Goal of the exercise
The result should be the lines from the one holding "Loeffler Randall Suede" to the final line of the records below, repeated exactly and with no pictures.

Data extracts
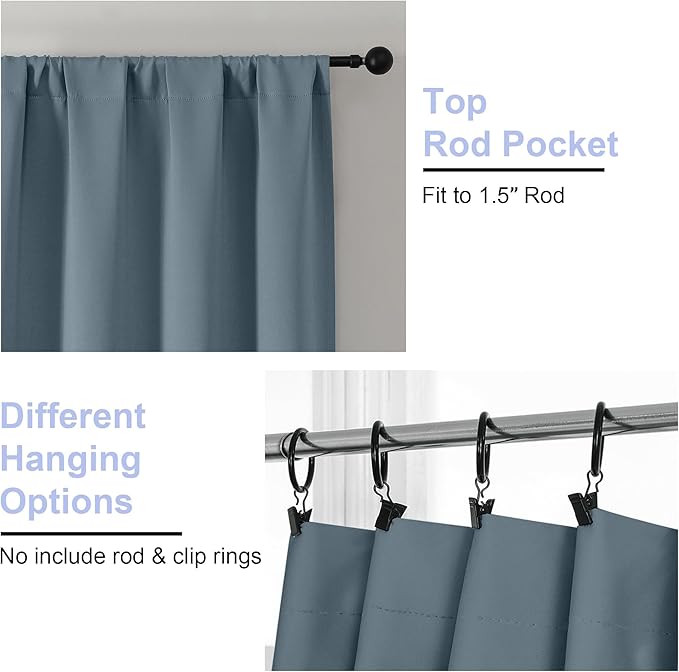 Simplebrand Ava Stone Blue Short Blackout Curtains - Image 4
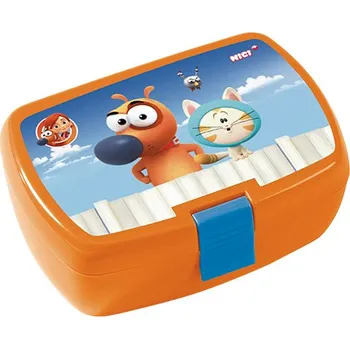 Svačinový box Nici Svačinový box dětský - PEJSEK A KOČIČKA, oranžový p470008
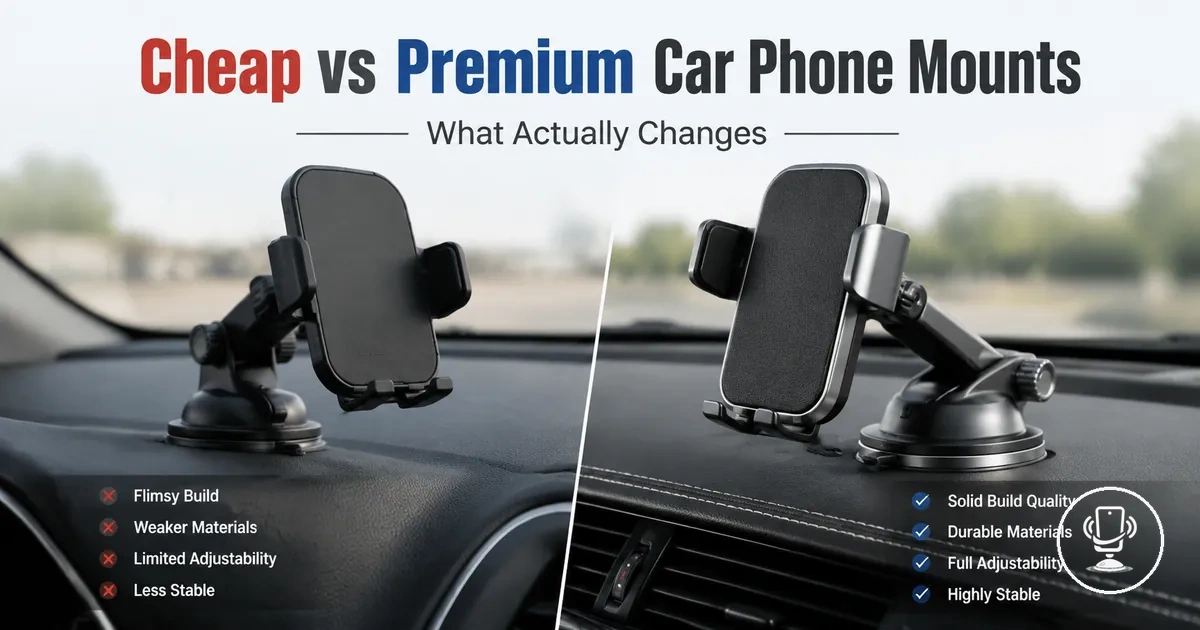 Comparison of cheap and premium car phone mounts showing differences in build quality and stability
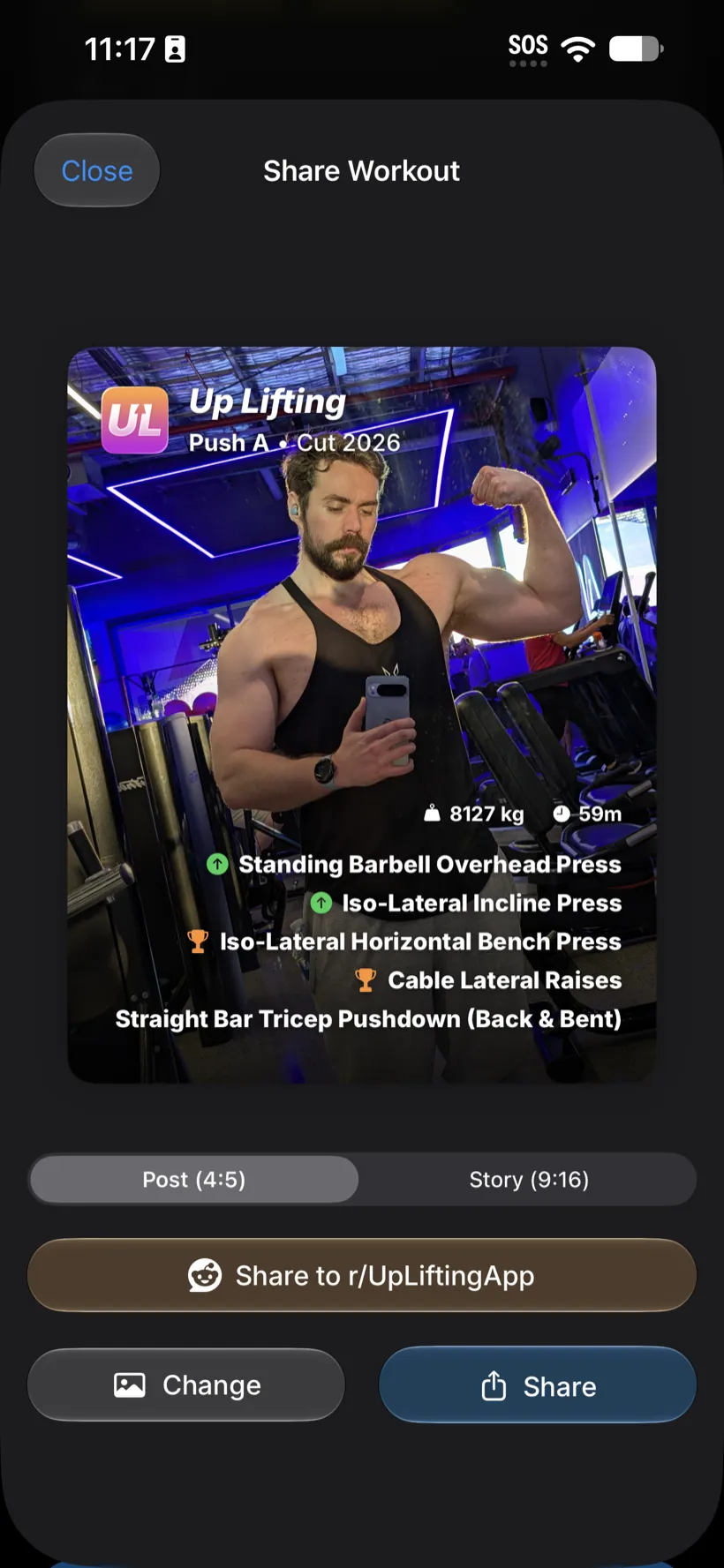 Up Lifting on iPhone &ndash; the share sheet building a workout card over a personal gym photo
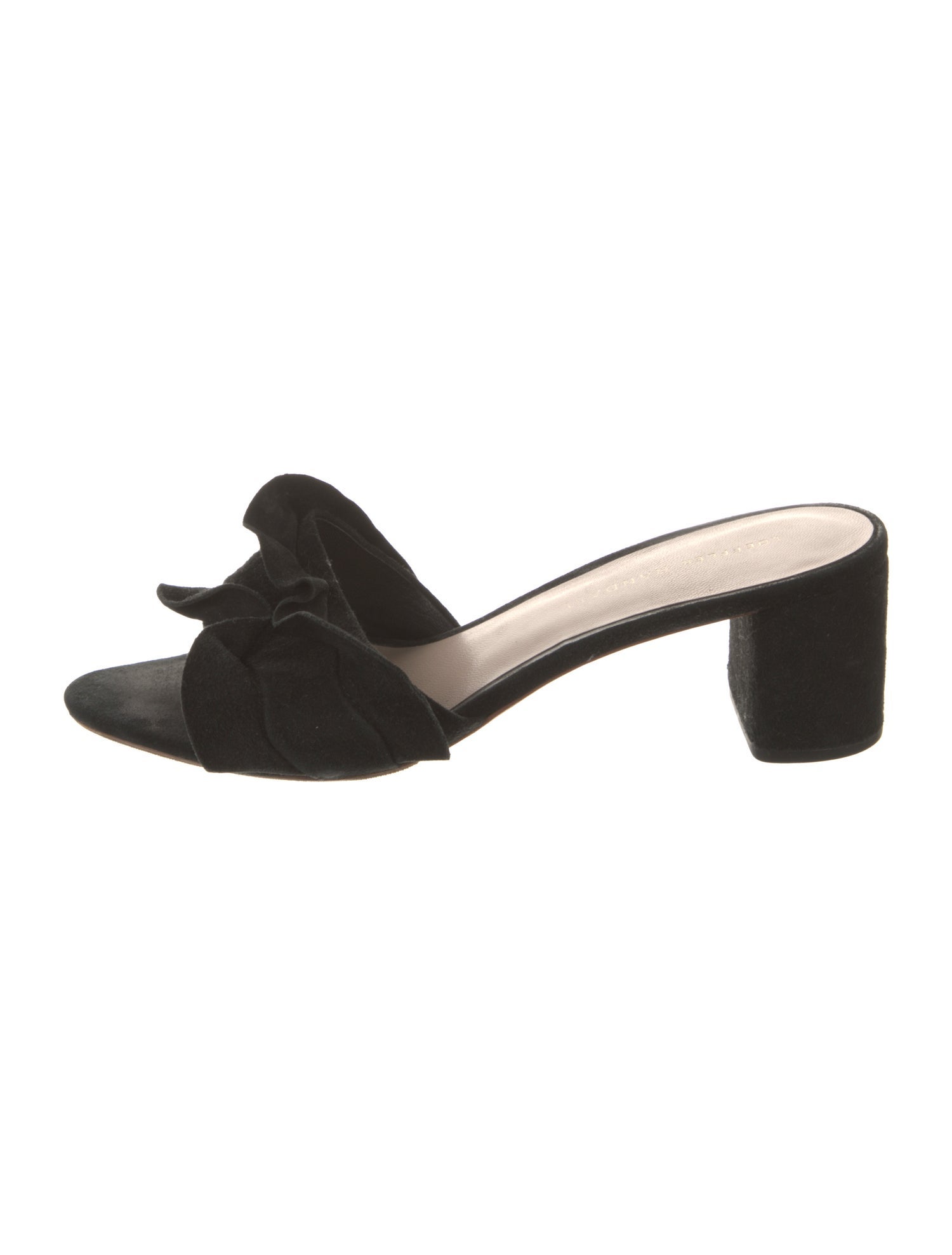Loeffler Randall Suede Ruffle Embellishment Slides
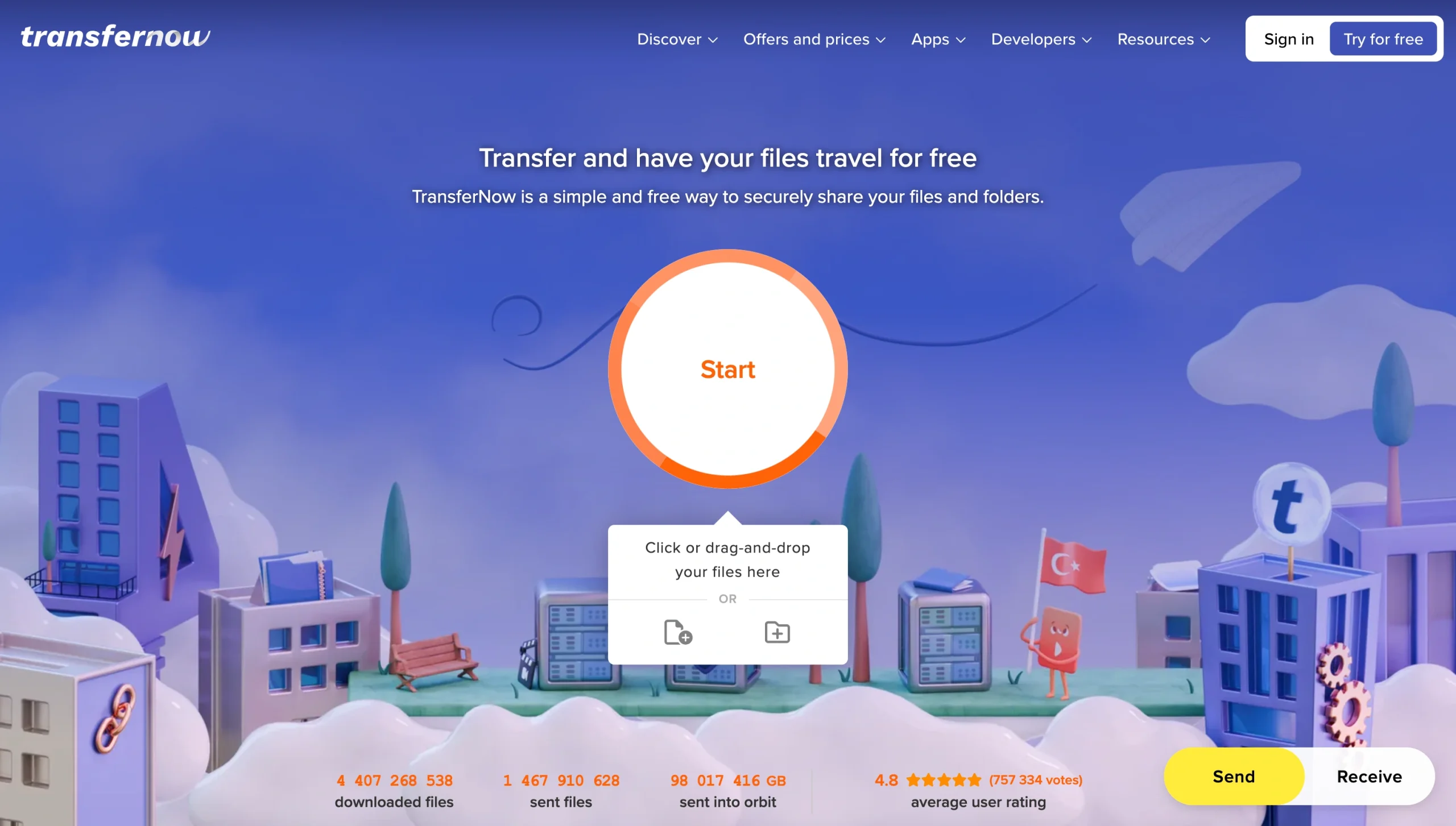 TransferNow homepage with drag-and-drop file upload box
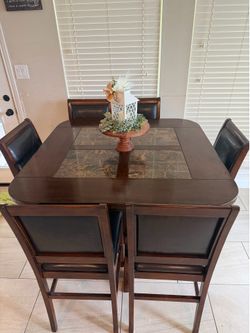 Square dining table- 6 chairs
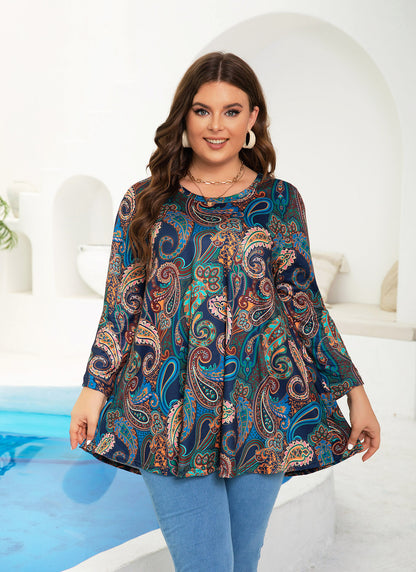 Womens Tops - Plus Size Tunics 3/4 Sleeve Loose Fit Dressy Casual Long Swing Flowy Lady Blouses Shirts Wear with Leggings Teals Blue Clothing A15 SATNP2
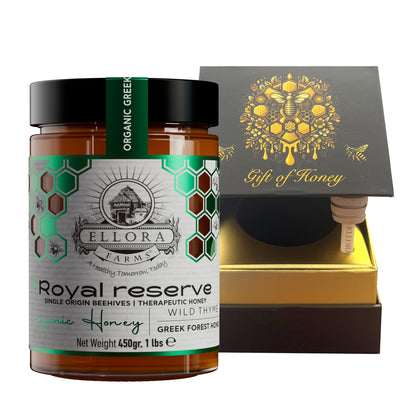 Ellora Farms, Organic Greek Raw Honey, Royal Reserve, Wild Thyme, Gift of Honey in Cube Box, Dipper Included,450g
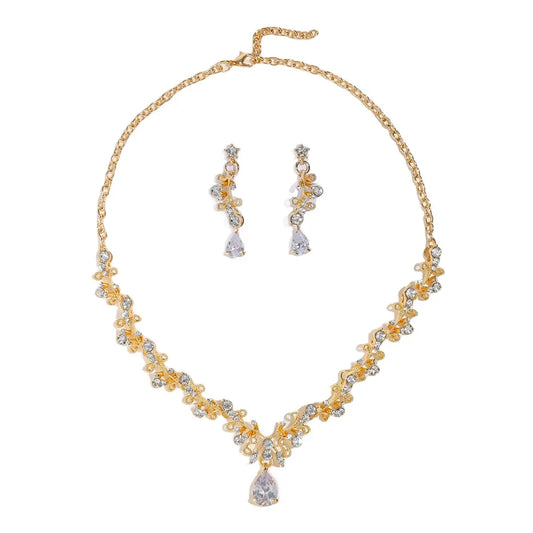 Korean Bridal Necklace & Earring Set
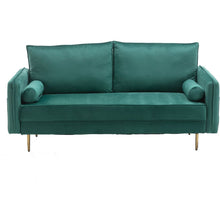 Load image into Gallery viewer, DongHeng Modern Living Room Velvet Fabric Sofa Couch, Loveseat Sofa with pocket, Green

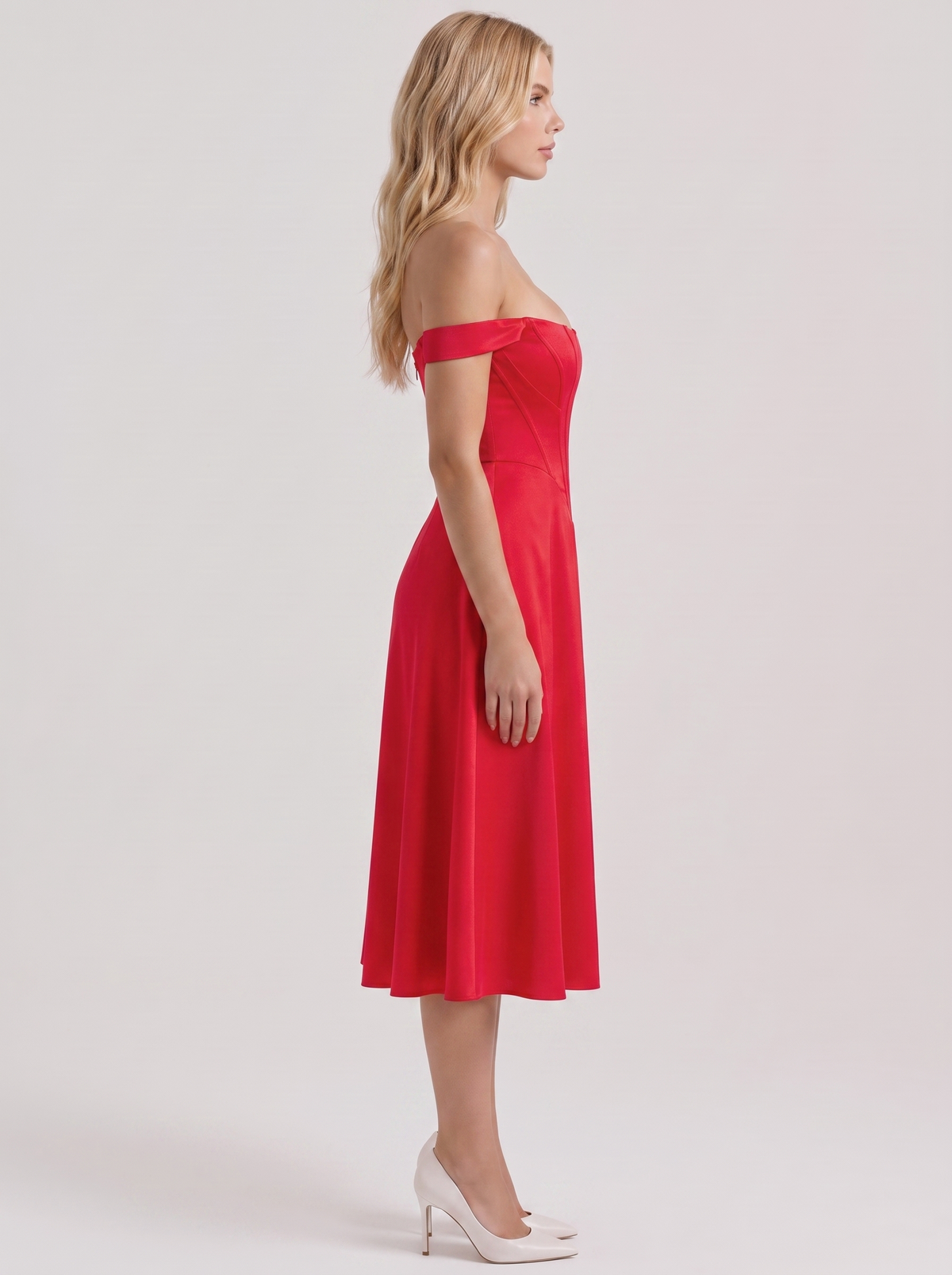 Astra Corset Midi Dress - Red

Solution for this exercise
Loeffler Randall Suede Ruffle Embellishment Slides
 TransferNow homepage with drag-and-drop file upload box
 Square dining table- 6 chairs
 Womens Tops - Plus Size Tunics 3/4 Sleeve Loose Fit Dressy Casual Long Swing Flowy Lady Blouses Shirts Wear with Leggings Teals Blue Clothing A15 SATNP2
 Ellora Farms, Organic Greek Raw Honey, Royal Reserve, Wild Thyme, Gift of Honey in Cube Box, Dipper Included,450g
 Korean Bridal Necklace & Earring Set
 Load image into Gallery viewer, DongHeng Modern Living Room Velvet Fabric Sofa Couch, Loveseat Sofa with pocket, Green

 Astra Corset Midi Dress - Red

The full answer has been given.